Thursday 24 September 2015

Lloyd George’s Cough Tablets

British Heavy Trench Mortar at IWM Duxford

Friday 24th September 1915: Private W Fuller of 1st Battalion, Bedfordshire Regiment, writing to his wife at 46 Pilcroft Street, Bedford said: “I am sending you the photograph of a piece of German culture. Of course it is only a rough sketch in front of a once beautiful chateau in France(1)”.

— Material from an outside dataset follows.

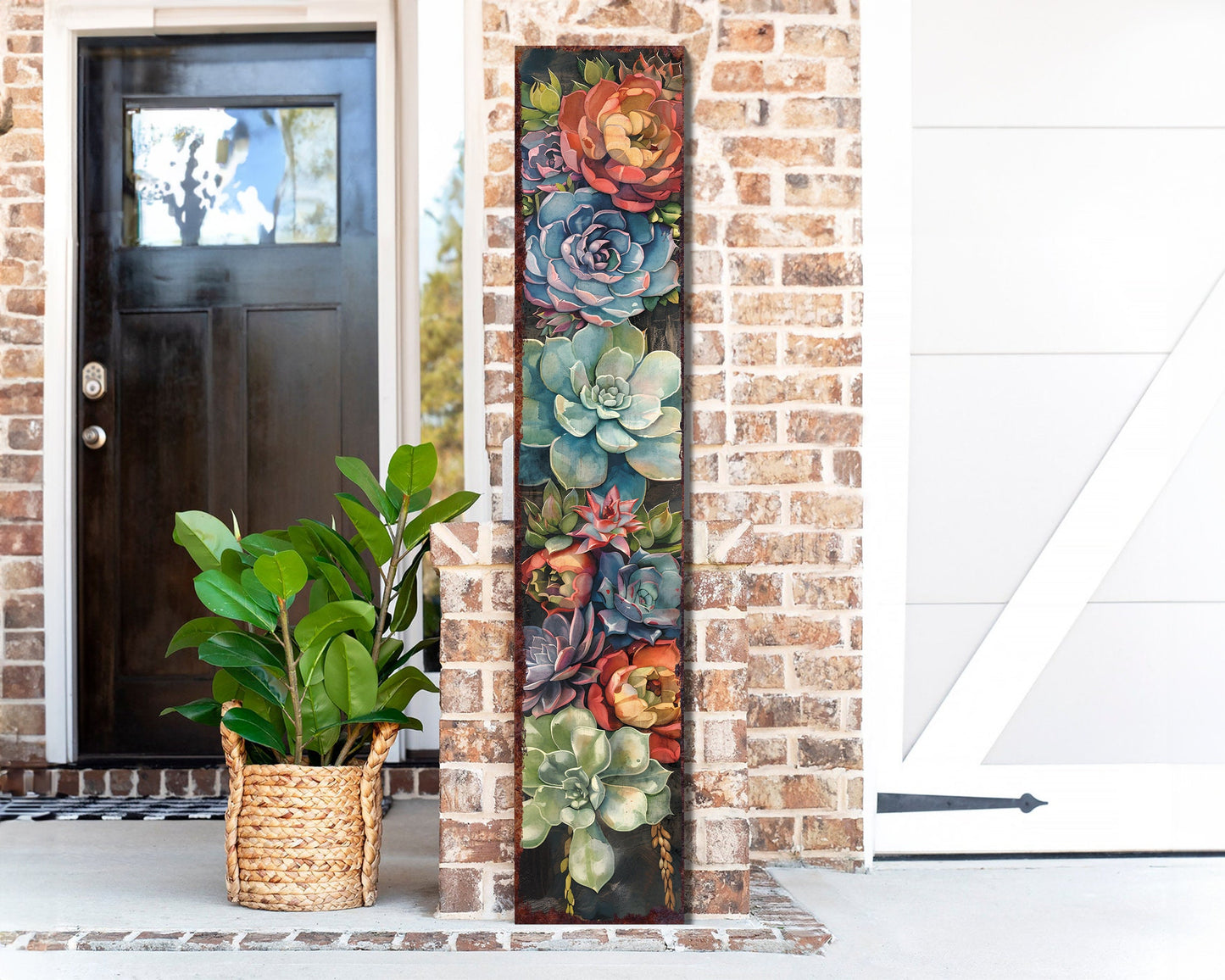 48-Inch Spring Porch Sign with Succulent Design | Front Door Porch Decor, Rustic Farmhouse Outdoor Entryway Display Board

“Not ten yards from the front door lie the victims of German culture in their graves, the mother, two daughters and one infant, who were foully murdered by the Germans. A rough cross marks their resting place. Let the stay-at-home brigade only realise it. If it were their homes and people that the Germans had murdered it would fill their hearts with revenge and the sooner they come out here the better I say, and my comrades say “Three cheers for the little man from Wales”. They know who I mean – Lloyd George (2). Only the other night, whole on look-out, the Germans were singing “Love, I am lonely” but they did not remain lonely long, for the Major gave them about twelve, in their abode of love, of Lloyd George’s patent cough tablets(3) and they did not sing any more”.

“I see German prisoners are given nosegays and go for nice walks. They will get none of those things out here. The finest thing to give them is a high explosive of Lloyd George’s type”.

Source: Bedfordshire Times 1st October 1915

(1) Obviously destroyed by shell-fire

(2) Minister of Munitions at this date.

(3) Probably from a trench mortar.

Roll of Honour - Friday 24th September 1915

Killed in Action

2nd Battalion: relieved and en route to Fauquereuil
  • 4/5319 Private Henry Josiah JAMES, husband of Sarah of 219 Newmarket Road, Cambridge, born Ware [Hertfordshire] (le Touret Memorial)

Died of Wounds

1st/5th Battalion
  • 2726 Private Hedley ROBINSON, born and resided Houghton Regis (memorial at 7th Field Ambulance Cemetery, Suvla)


1st/5th Battalion

  • 3974 Private Herbert MOORE, resided Wootton (Pieta Military Cemetery, Malta)

Wednesday 23 September 2015

Plans for the Big Push

The Loos area (Official History of the War: 
Military Operations France and Belgium 1915 Vol II)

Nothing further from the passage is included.